(Material shown)

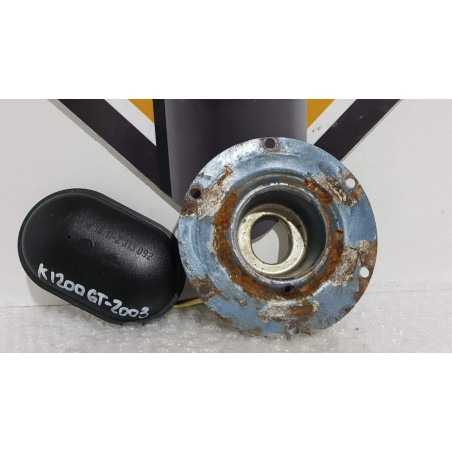 Plutitor BMW K 1200 GT - 2003 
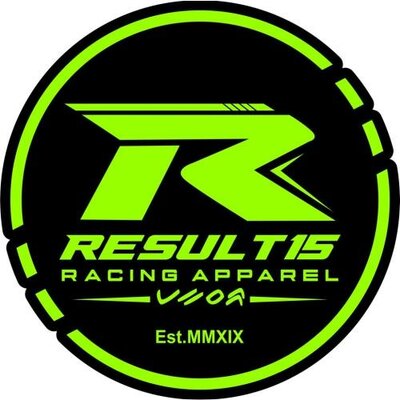 Trademark RESULT 15 RACING APPAREL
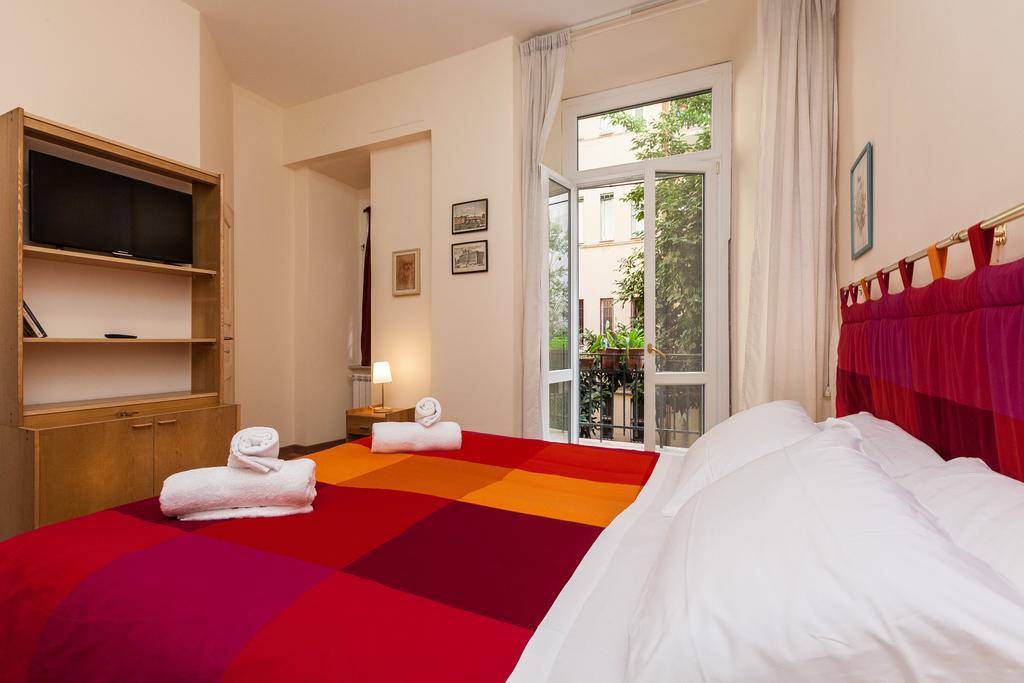 Betty Holiday Valadier Rome Extérieur photo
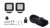 Hvf Cube 4Led Off Rd Kit Ped Fld Mv | HEL357208001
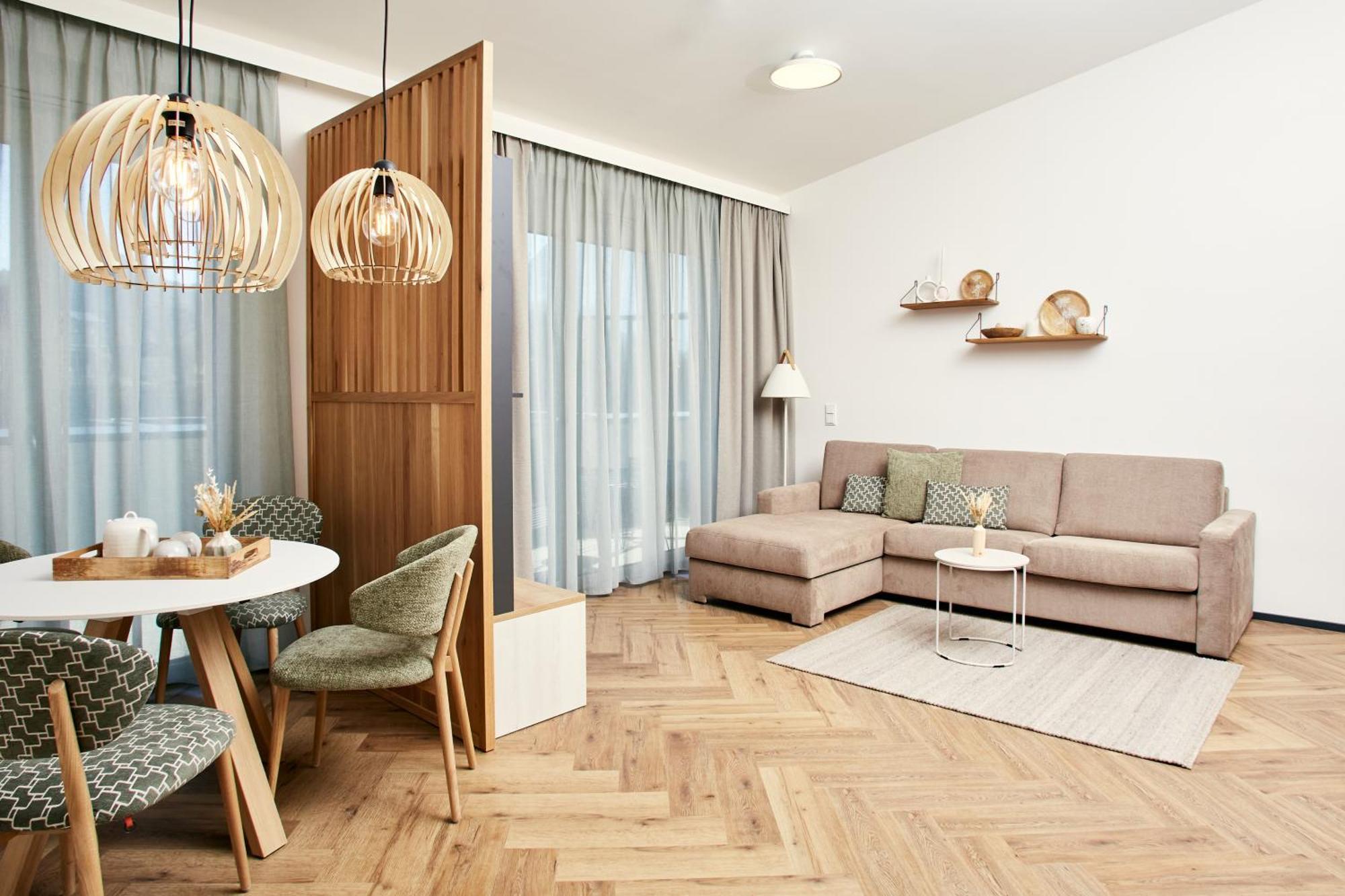 Homebound Apartments Bad Goisern - Contactless Check-In Eksteriør bilde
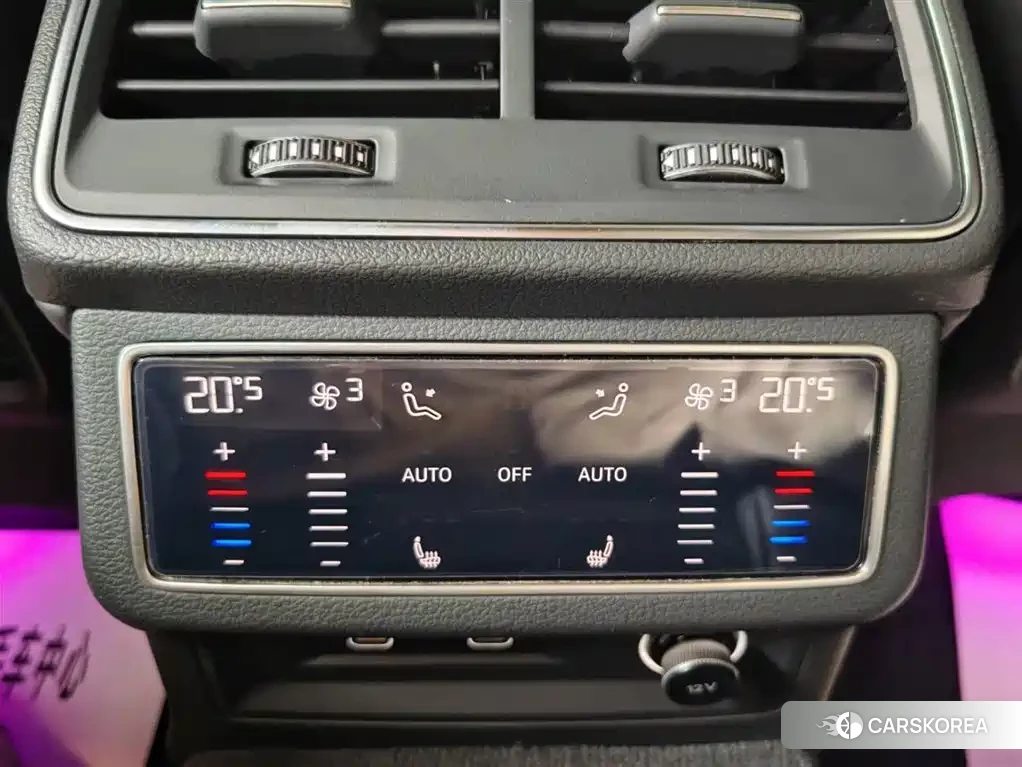 Audi A6L id 4622509 из Китая 16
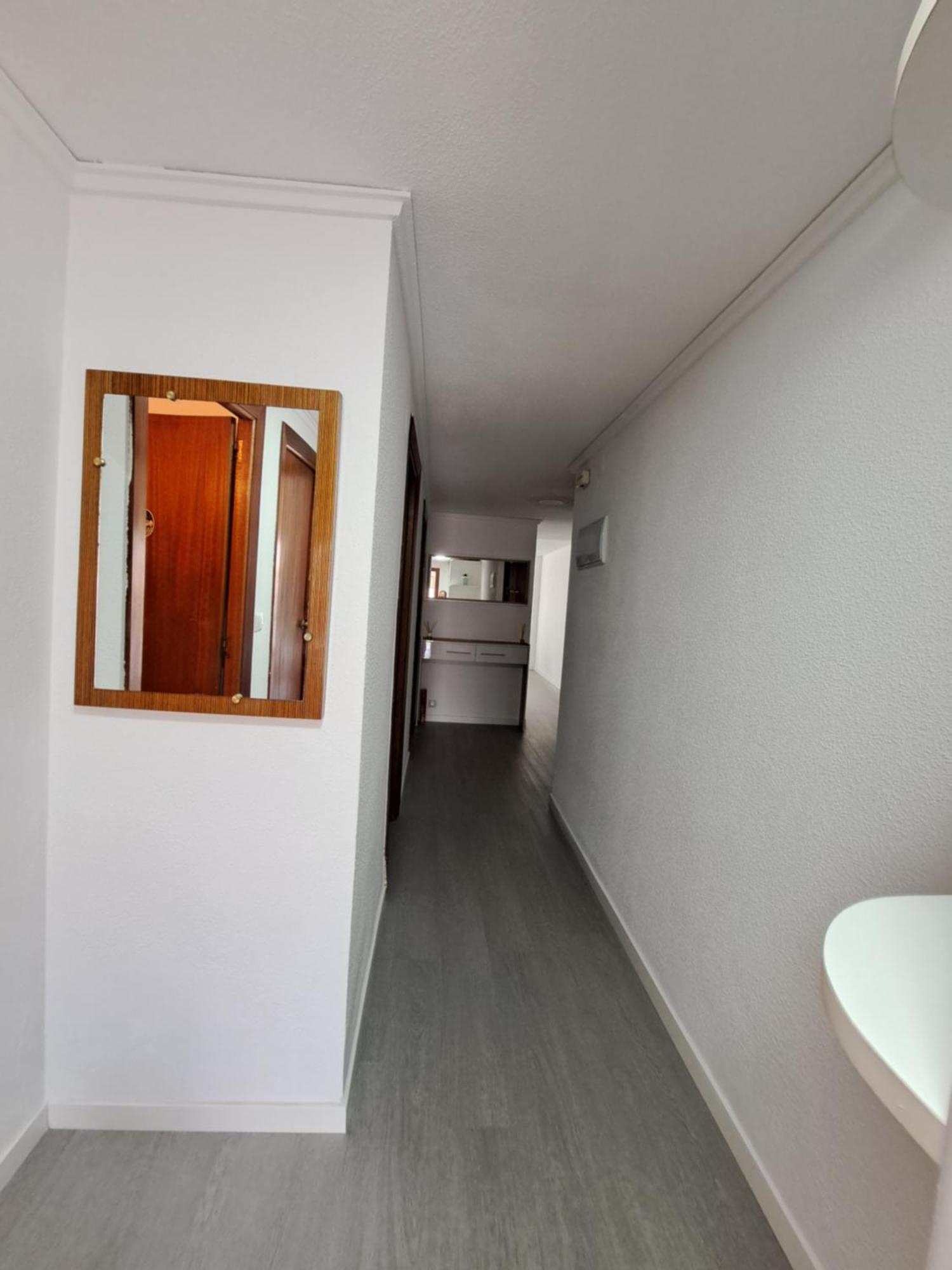 Apartmán Amplio Piso Con Terraza A 50 M De Playa Miramar Exteriér fotografie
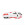 Nike Mercurial Jr Zoom Superfly 9 Academy AG - Botas de fútbol infantiles con tobillera Nike AG para césped artificial - blancas, rojas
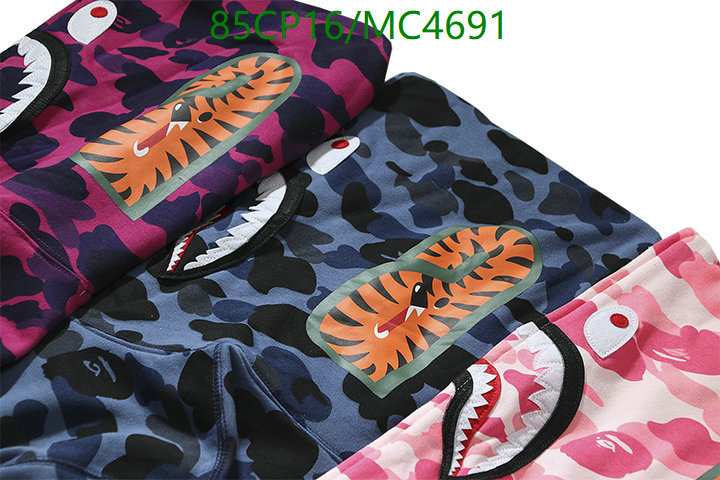 Clothing-BAPE Code: MC4691 $: 85USD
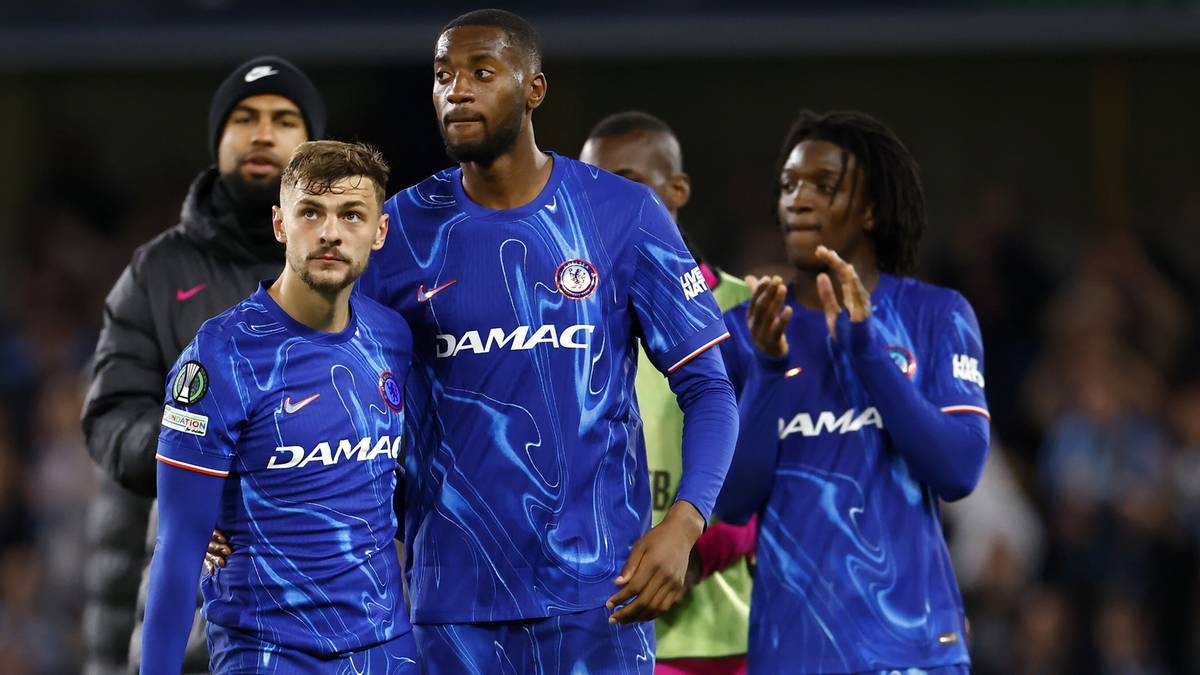 A grande final da Conference League de 2025 está se aproximando! Estas são as equipas que vão prender a respiração da Europa
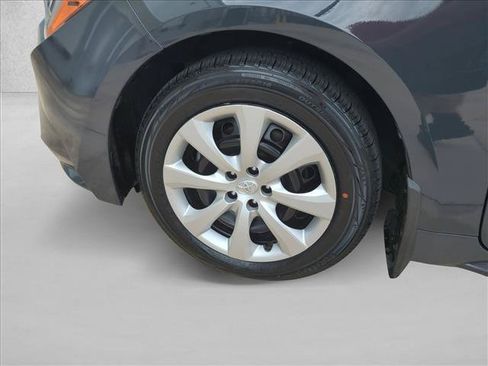 Certified 2024 Toyota Corolla LE FWD image 23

(End Material shown)

Your instructions: When you print the entries, keep every line exactly as it is and drop the pictures.

Exercise response:
 Plutitor BMW K 1200 GT - 2003 
 Trademark RESULT 15 RACING APPAREL
 Betty Holiday Valadier Rome Extérieur photo
 Hvf Cube 4Led Off Rd Kit Ped Fld Mv | HEL357208001
 Homebound Apartments Bad Goisern - Contactless Check-In Eksteriør bilde
 Audi A6L id 4622509 из Китая 16
 Apartmán Amplio Piso Con Terraza A 50 M De Playa Miramar Exteriér fotografie
 Nike Mercurial Jr Zoom Superfly 9 Academy AG - Botas de fútbol infantiles con tobillera Nike AG para césped artificial - blancas, rojas
 Clothing-BAPE Code: MC4691 $: 85USD
 A grande final da Conference League de 2025 está se aproximando! Estas são as equipas que vão prender a respiração da Europa
 Certified 2024 Toyota Corolla LE FWD image 23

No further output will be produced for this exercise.